We use the technique of [LOPSTR]. With regard to the inferred argument filtering the predicates were used in the following modes:
len1_in: (b,f)
len10_in: (f,f)
Transforming Prolog into the following Term Rewriting System:
Pi-finite rewrite system:
The TRS R consists of the following rules:

len1_in_ga([], 0) → len1_out_ga([], 0)
len1_in_ga([], s(0)) → len1_out_ga([], s(0))
len1_in_ga([], s(s(T7))) → U2_ga(T7, len10_in_aa(T7, X10))
len10_in_aa(0, X5) → len10_out_aa(0, X5)
len10_in_aa(s(T7), X5) → U1_aa(T7, X5, len10_in_aa(T7, X10))
U1_aa(T7, X5, len10_out_aa(T7, X10)) → len10_out_aa(s(T7), X5)
U2_ga(T7, len10_out_aa(T7, X10)) → len1_out_ga([], s(s(T7)))
len1_in_ga(.(T8, T9), s(T5)) → U3_ga(T8, T9, T5, len1_in_ga(T9, T5))
U3_ga(T8, T9, T5, len1_out_ga(T9, T5)) → len1_out_ga(.(T8, T9), s(T5))

The argument filtering Pi contains the following mapping:
len1_in_ga(x1, x2)  =  len1_in_ga(x1)
[]  =  []
len1_out_ga(x1, x2)  =  len1_out_ga(x2)
U2_ga(x1, x2)  =  U2_ga(x2)
len10_in_aa(x1, x2)  =  len10_in_aa
len10_out_aa(x1, x2)  =  len10_out_aa(x1)
U1_aa(x1, x2, x3)  =  U1_aa(x3)
.(x1, x2)  =  .(x1, x2)
U3_ga(x1, x2, x3, x4)  =  U3_ga(x4)
s(x1)  =  s(x1)

Infinitary Constructor Rewriting Termination of PiTRS implies Termination of Prolog

(4) Obligation:

Pi-finite rewrite system:
The TRS R consists of the following rules:

len1_in_ga([], 0) → len1_out_ga([], 0)
len1_in_ga([], s(0)) → len1_out_ga([], s(0))
len1_in_ga([], s(s(T7))) → U2_ga(T7, len10_in_aa(T7, X10))
len10_in_aa(0, X5) → len10_out_aa(0, X5)
len10_in_aa(s(T7), X5) → U1_aa(T7, X5, len10_in_aa(T7, X10))
U1_aa(T7, X5, len10_out_aa(T7, X10)) → len10_out_aa(s(T7), X5)
U2_ga(T7, len10_out_aa(T7, X10)) → len1_out_ga([], s(s(T7)))
len1_in_ga(.(T8, T9), s(T5)) → U3_ga(T8, T9, T5, len1_in_ga(T9, T5))
U3_ga(T8, T9, T5, len1_out_ga(T9, T5)) → len1_out_ga(.(T8, T9), s(T5))

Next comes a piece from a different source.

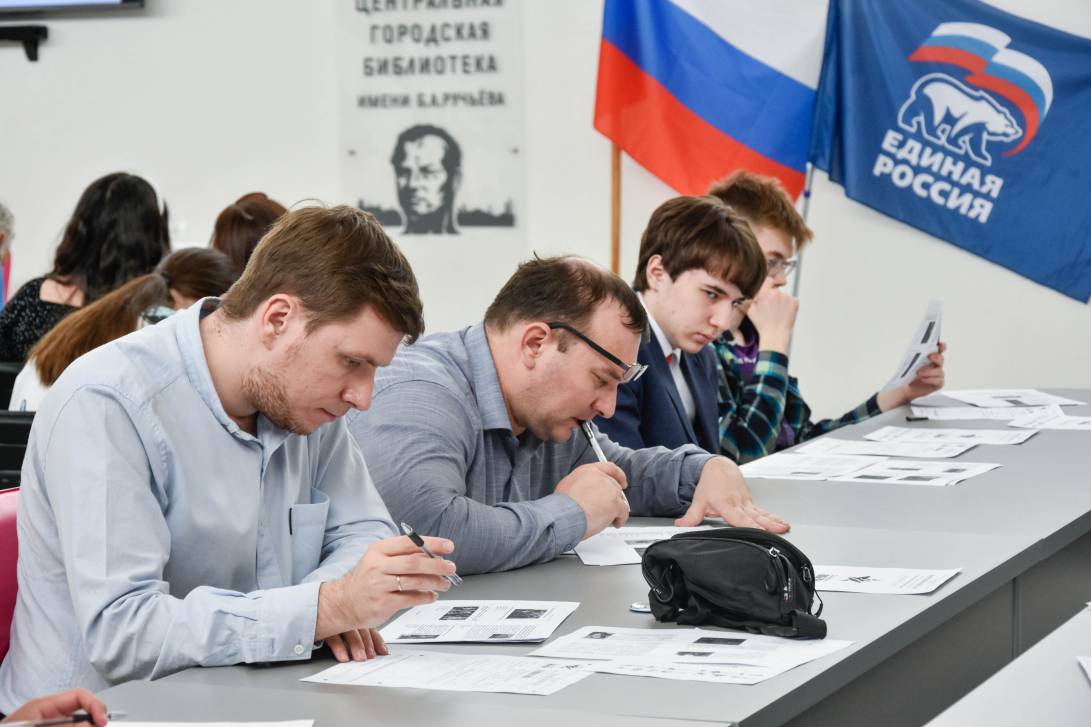 Вспомнить подвиги дедов и прадедов | Фотография 7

The argument filtering Pi contains the following mapping:
len1_in_ga(x1, x2)  =  len1_in_ga(x1)
[]  =  []
len1_out_ga(x1, x2)  =  len1_out_ga(x2)
U2_ga(x1, x2)  =  U2_ga(x2)
len10_in_aa(x1, x2)  =  len10_in_aa
len10_out_aa(x1, x2)  =  len10_out_aa(x1)
U1_aa(x1, x2, x3)  =  U1_aa(x3)
.(x1, x2)  =  .(x1, x2)
U3_ga(x1, x2, x3, x4)  =  U3_ga(x4)
s(x1)  =  s(x1)

(5) DependencyPairsProof (EQUIVALENT transformation)

Using Dependency Pairs [AG00,LOPSTR] we result in the following initial DP problem:
Pi DP problem:
The TRS P consists of the following rules:

LEN1_IN_GA([], s(s(T7))) → U2_GA(T7, len10_in_aa(T7, X10))
LEN1_IN_GA([], s(s(T7))) → LEN10_IN_AA(T7, X10)
LEN10_IN_AA(s(T7), X5) → U1_AA(T7, X5, len10_in_aa(T7, X10))
LEN10_IN_AA(s(T7), X5) → LEN10_IN_AA(T7, X10)
LEN1_IN_GA(.(T8, T9), s(T5)) → U3_GA(T8, T9, T5, len1_in_ga(T9, T5))
LEN1_IN_GA(.(T8, T9), s(T5)) → LEN1_IN_GA(T9, T5)

The TRS R consists of the following rules:

len1_in_ga([], 0) → len1_out_ga([], 0)
len1_in_ga([], s(0)) → len1_out_ga([], s(0))
len1_in_ga([], s(s(T7))) → U2_ga(T7, len10_in_aa(T7, X10))
len10_in_aa(0, X5) → len10_out_aa(0, X5)
len10_in_aa(s(T7), X5) → U1_aa(T7, X5, len10_in_aa(T7, X10))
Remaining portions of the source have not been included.